May summer be giving you time for well-deserved rest and recharging! Years ago a friend told me not to plan the parish program for the next year during August. In August you’re rested and imagine you’ll have more energy than you’ll really have. Better now, early summer, when you are more realistic about what you can and cannot do.
President Larry Rast of our sister LCMS seminary in Fort Wayne, Ind., and I just attended the biennial meeting of the Association of Theological Schools (ATS). The ATS is one of our accreditors, a peer group of about 270 seminaries. One of many benefits of the ATS is hearing other seminary leaders talk about their problems. Some are also our challenges, but one thing always emerges. Our LCMS seminaries are viable, strong in mission and well supported by the members of our church. For that we are thankful, to you and to the people you serve.
Rest and recharging. At ATS I picked up “A Five-Year Report on how New Ministers Learn in Practice.” From Auburn University, the study’s last finding is instructive about seminaries and, I hope, suggestive for your summer:
Relationship to God is at the heart of forming wise pastoral leaders.
The classic critique dismissing overly academic theological education decries a focus on earning about God rather than building a deeper relationship with God.

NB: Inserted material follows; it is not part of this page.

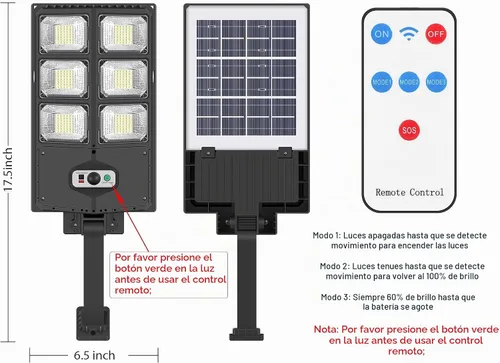 Vista 6 de Luces solares de 150 W impermeables para exteriores, 8000 lúmenes, luces solares LED de inundación, sensor de movimiento al aire libre con control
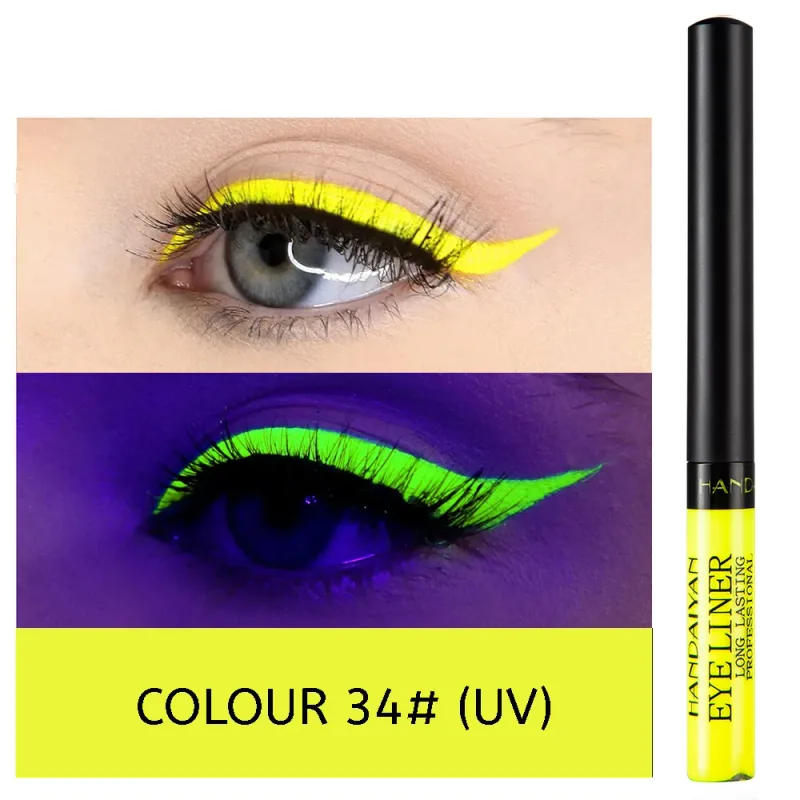 UV Light Neon Eyeliner Pen Eyes Makeup Red Waterproof Liquid Color Eye Liner Pencil Make Up Cosmetics Yellow Matte Purple Pen — image 24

Yet theological education at its best—from the early church catechumenate, to the monastery and cathedral schools, to the emergence of the medieval university to the wide variety of seminaries, schools, Bible institutes, and churches carrying out theological education today—has had at its heart a desire for relationship with the One who made the heavens and the earth, the seas and all that dwells therein (Psalm 146). Our participants—to a person—went to seminary with a desire to know God more deeply and learn how—in a wide variety of paths in ministry—to serve God more truly in and through the church for the sake of the world and its great needs.
Learning pastoral imagination…finally finds its beating heart in relationship to the God of Jesus Christ who in love and mercy comes to make all things new.” (52)
May summer bring you a slower pace and a heart beating ever more closely with your God and Savior!